You know at I think it was Toledo, he ran a passing spread right. The fact that Rich Rod chased away both a good qb coach and a very good qb just says all you need to know about his leadership skills. Everyone is knocking Borges (rightfully so) about not being able to adapt to the players skills and the other teams defense. I think Loeffler could have helped make Drob a better passer.

Collage football on the offensive side of the ball is all about the QB. Look at the top teams in the country, they all have qb's developed. However, Bama is the only one with an o-line that is good enough to overcome a bad qb. You want a good offense, you better get a qb and develop him. Look, if Shane Morris develops into a 1st rd pick, then loeffler has developed not just a qb, but the entire offense to fit the skills of Morris. Without a qb, Michigan will be a team like MSU this year, lots of loses in close games because we cannot score.

mtzlblk

November 26th, 2012 at 2:48 PM ^

...'let Mallet transfer' thing. I think it has been well established that he was transferring no matter what....Carr loathed him and had already encouraged him to leave and RR had tried calling him when he came on to at least get the story and Mallet never called him back.  He was 100% out the door....so try to have your facts down before you spout. 

Buck Killer

November 25th, 2012 at 10:52 AM ^

Did you watch the game? uhm Petrino, a high school kid, a drug dealer that bets on football, etc, anyone would know to put DRob and Gardner out like we did against Iowa. Meyer said that was his top concern coming into the game and Borges isolated that for him. WTF?

First game Navy 1981

November 25th, 2012 at 1:43 PM ^

There is no one to blame. This is a result of how the program was run under the last few years of Lloyd, the bail out of talent and the need to rebuild. Which ever poster said they overachieved the last two years is right. Two years from now you will see the fruit of all the hard work put in under Hoke and Company. Until then, stay patient.

ziplock007

November 25th, 2012 at 3:07 PM ^

OSU has one of the best D-Lines in the nation.  John Simon (ok, he didn't play), Nathan Williams, & Jonathan Hawkins are all NFL bound.  Noah Spence was a 5 star DLine recruit, and Washington was a 4-star recruit.  They also have future NFL cornerbacks.

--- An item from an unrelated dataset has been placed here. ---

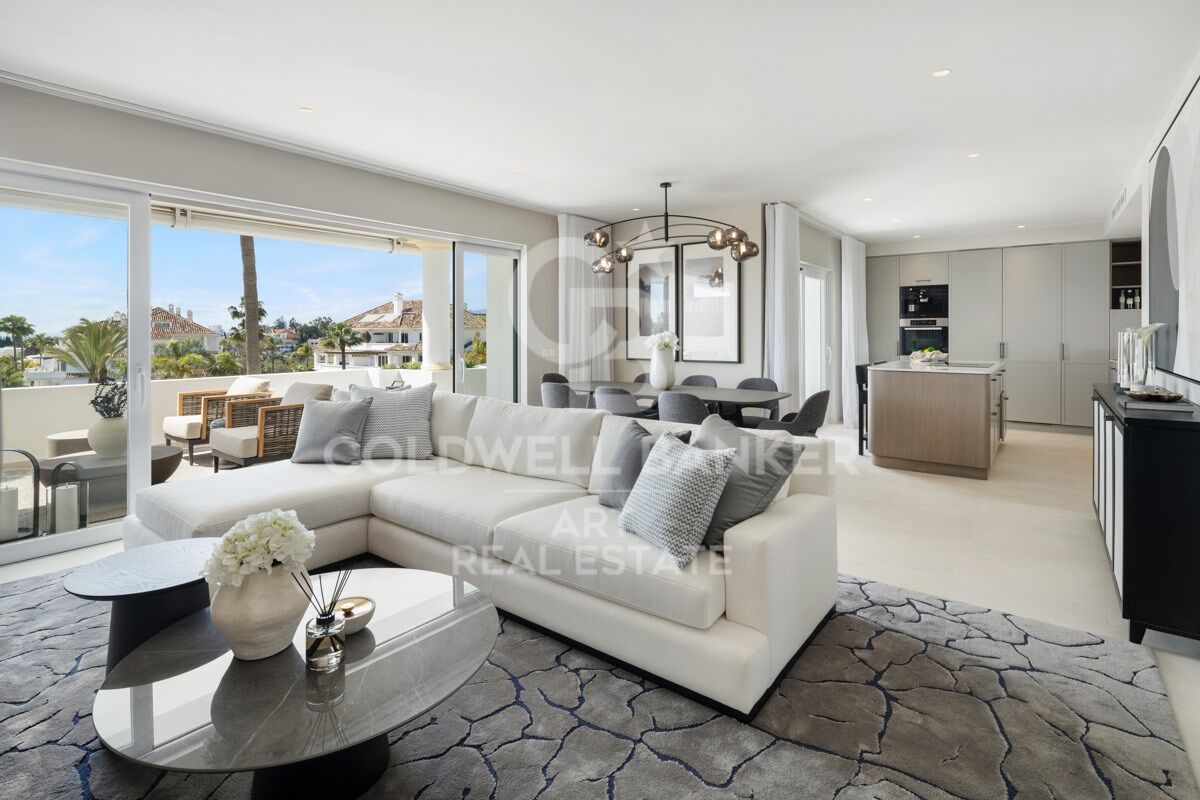 Magnifique appartement duplex dans le paisible Monte Paraíso, Milla d'Or Marbella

Michigan does not have a future NFL O-line, nor does it have a future NFL bruising RB.  Taking Denard and Gardner in an unconventional fast paced offence (ie, the first half) was the key to victory.  Going "Conventional" (ie, the second half) ain't gonna work.  If you're gonna lose the rivalrly game lose because you have the weaker team, not weaker coaches.

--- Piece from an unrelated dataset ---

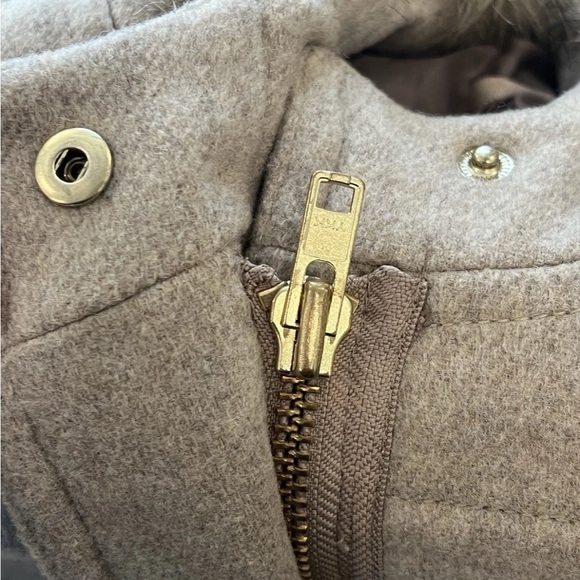 Jcrew Winter Parka Coat With Fur Hood Size 2 - Gently Worn - Picture 11 of 16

It took Urban a year to get the team back on track from the Fickell Disaster, and 12-0 ain't too shabby.

Now get this, with no bowl game all-star recruiter, Urban Meyer, has nothing but recruiting on his plate between now and May.  Look at the stats at his former jobs (BG, Utah, UF), his 'turnarounds' happened in year #2.  Seriously, was this just a warm-up year?  All I can say is, Michigan and the rest of the B1G better pony up the dough for elite (not good, not great, but elite) coaches or "get used to it."

DonAZ

November 24th, 2012 at 4:22 PM ^

Agree ... sensible analysis.

The story of the second half was not good calls poorly played.  The story of the second half was questionable calls that predictably failed.

Ohio State's defensive coordinator must be scratching his head and counting his blessings right now.  He got off easy.  It should have been a much tougher assignment.